This has probably been on SD before but I’m sure there are people who have never seen it and may find it interesting.
Can someone explain how it works? Why has everyone’s debt been cleaned up, and how does everyone win?
A rich Russian tourist arrives in the foyer of the small local hotel. He asks for a room and puts a 100 note on the reception counter, takes a key and goes to inspect the room located up the stairs on the third floor.
The hotel owner takes the banknote in a hurry and rushes to his meat supplier to whom he owes 100.
The butcher takes the money and races to his supplier to pay his debt.
The wholesaler rushes to the farmer to pay 100 for pigs he purchased some time ago.
The farmer triumphantly gives the 100 note to a local prostitute who gave him her services on credit.
The prostitute goes quickly to the hotel, as she was owing the hotel for her hourly room use to entertain clients.
At that moment, the rich Russian is coming down to reception. He informs the hotel owner that the proposed room is unsatisfactory. He takes back his 100 note and departs.
There was no profit or income. But everyone no longer has any debt and the small townspeople look optimistically towards their future.
The Three Stooges used a smaller version of this in one of their skits. One of them somehow acquires some money, exactly half what he owes one of the other stooges. They then pass the money around among themselves, two full circuits, with each hand-off discharging half the original debt that each owes the next. At the end, they are all paid off and the one who got the money in the first place still has it.
If any of them know it, then A can say “hey look, if I pay myself I dollar, I cancel a dollar of your debts too ! Consider it done !”
In the OP’s situation, the prostitute could have simply bartered … one service for another. The money wasn’t ever needed, because it was A swaps services with B.
But in the butcher-wholesaler-farmer ring … well it some coincidence that the value of each was $100 … thats not due to the Russian or its source being in a client of the hotel… Its too much of a coincidence… ordinarily someone has a bit of profit. But there is a profit - the farmer now has 100 pigs to raise… that will be a profit in the future.
The butcher expenses would be a different ledger than the room rental ledger, no? Something like restaurant v. rooms in a hotel? He’ll need to show the income from the diners as well as the income from the hooker. He’s busted.
And won’t they want to see that ADDITIONAL 100 that went back to the hotel guest - the 100 they already spent for the butcher, and thus puts the hotel at a minus 100?
There was no sale of services, so I can’t see why. Think of it as a credit charge instead, if that helps; there is no sale so the charge is cancelled at no cost to either party.
Let’s try this one more time.
If guest gave hotel 100, and then came back down and got the 100 back, it would be a wash and all is OK.
However, the hotel SPENT the 100. It is gone now.
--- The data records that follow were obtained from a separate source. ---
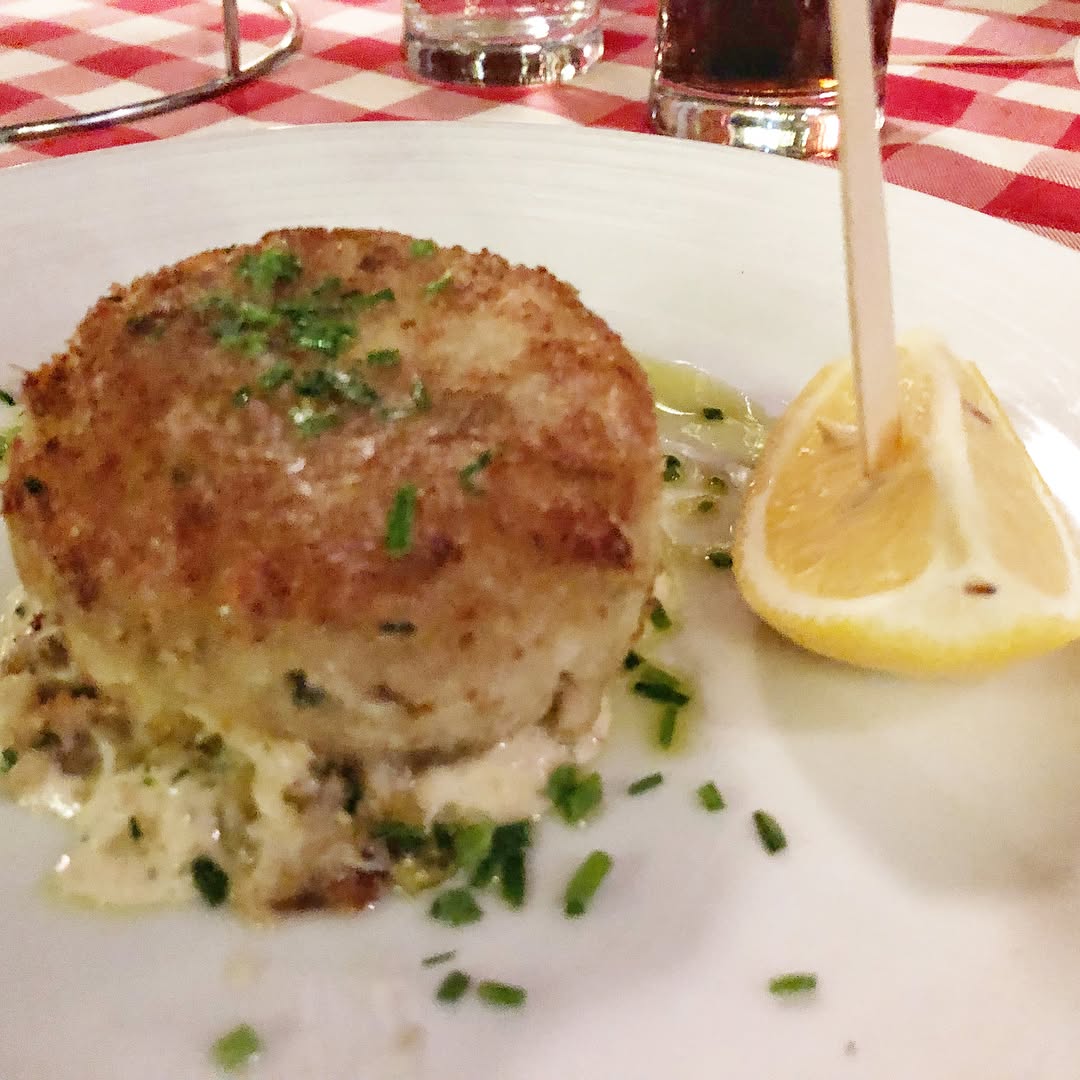 The Cadillac Burger Legend has it Nat King Cole named the bacon burger the ...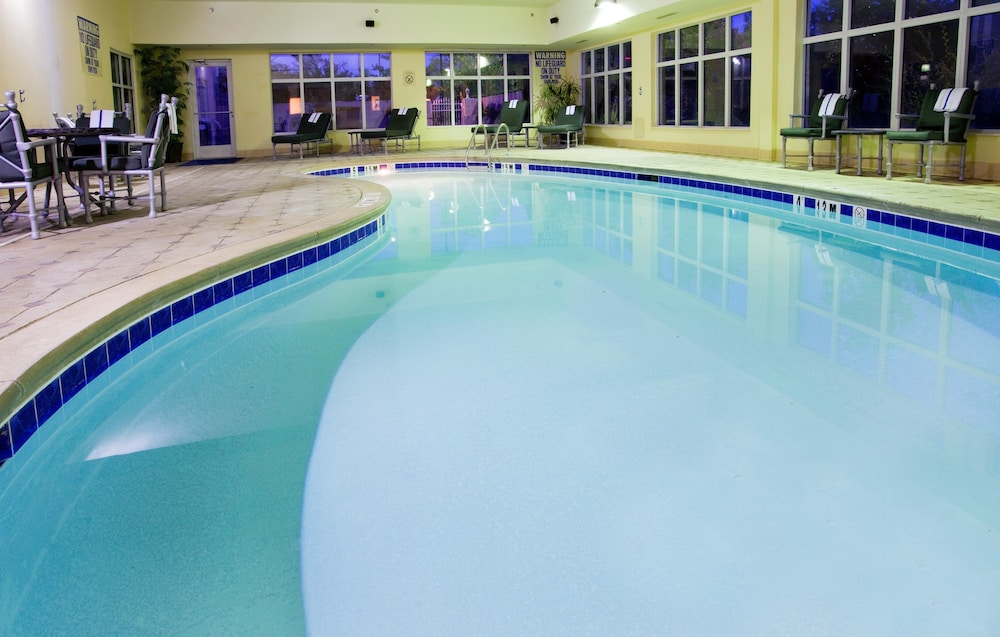 Holiday Inn Express Hotel & Suites Concord by IHG - photo 20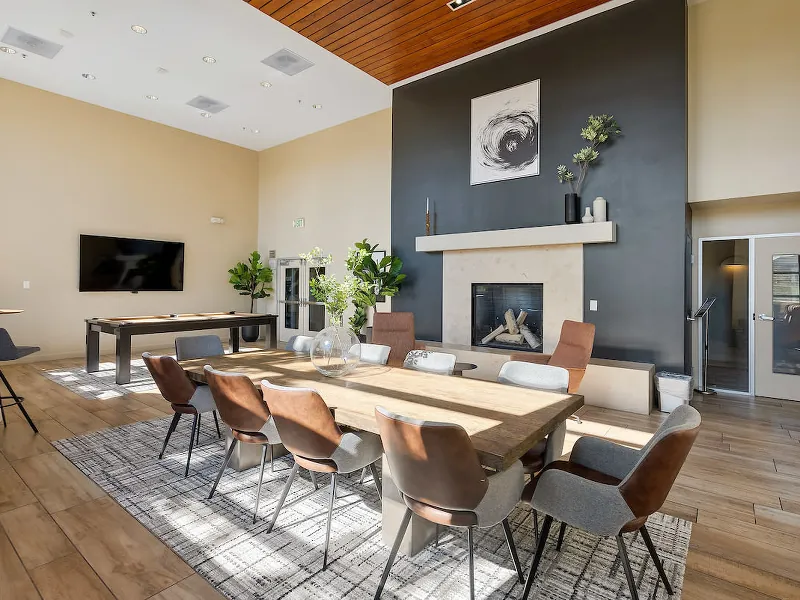 Elegant Lounge near Oracle Park - Featured image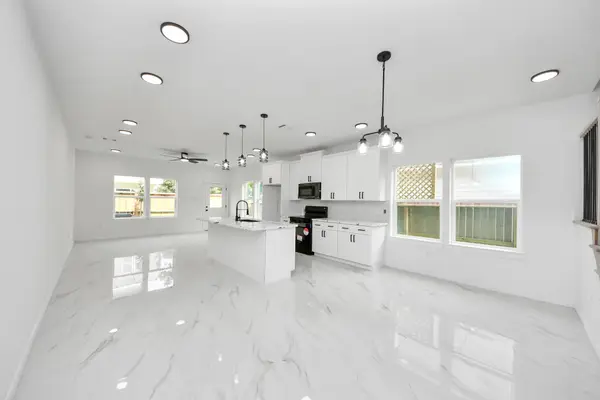 8023 Brandon Street, Houston, TX 77051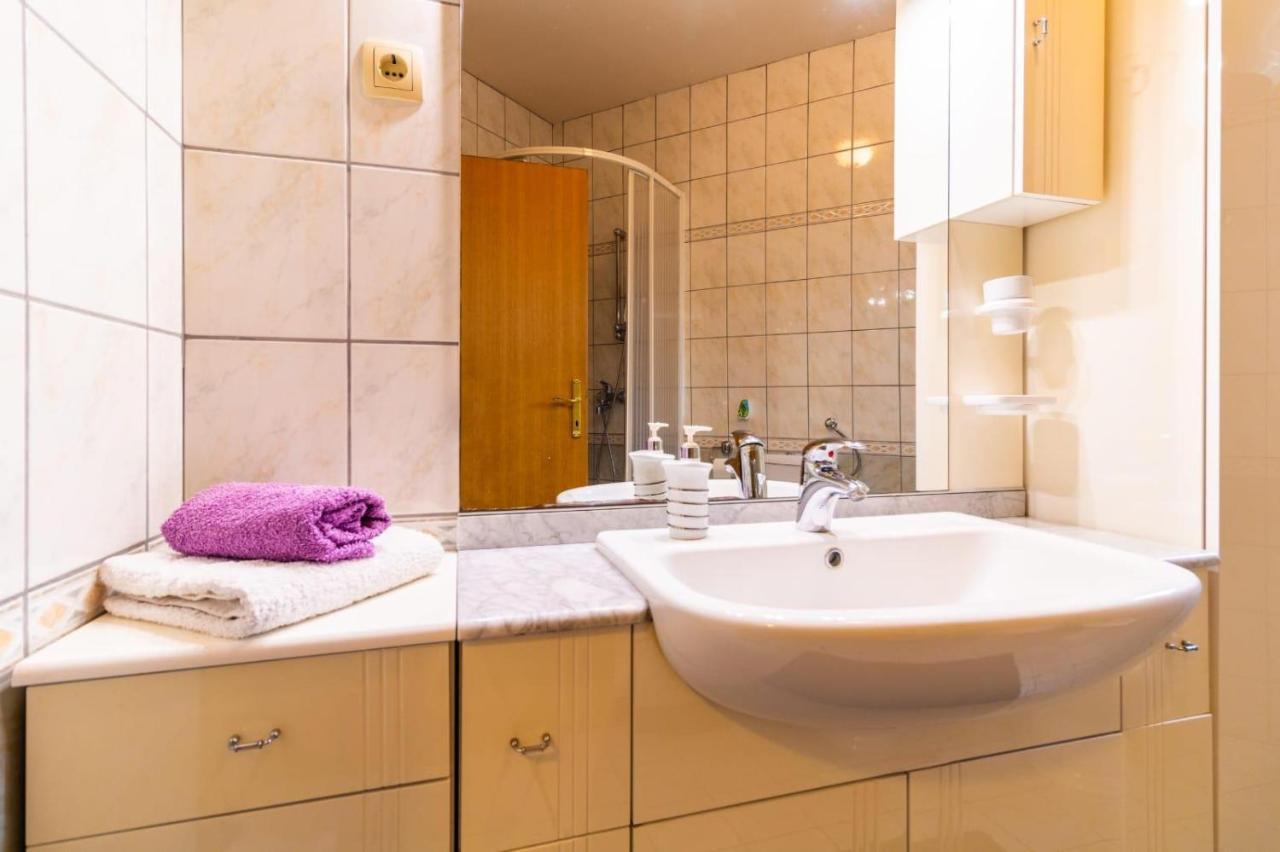 Apartment Escape Kaštela Kültér fotó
Credit and then debit. No money left in the till.
So, when he comes back and asks for his 100, they have to take the money from somewhere - meaning, from their other income. So the profit of 100 they would have made from the prostitute is now gone, as they have to pay the guest.
So in essence, they never got a PLUS from the prostitute’s payment, and are back to zip profit for the day. It is as if the prostitute never paid, as that 100 went bye bye before it was considered a 100 profit for the day’s work.
The hotel got paid twice - 100 from guest, and 100 from prostitute.
If they give the 100 back to the guest, theoretically, they should still have the 100 from the prostitute.
They don’t. They got screwed, and not in a fun way.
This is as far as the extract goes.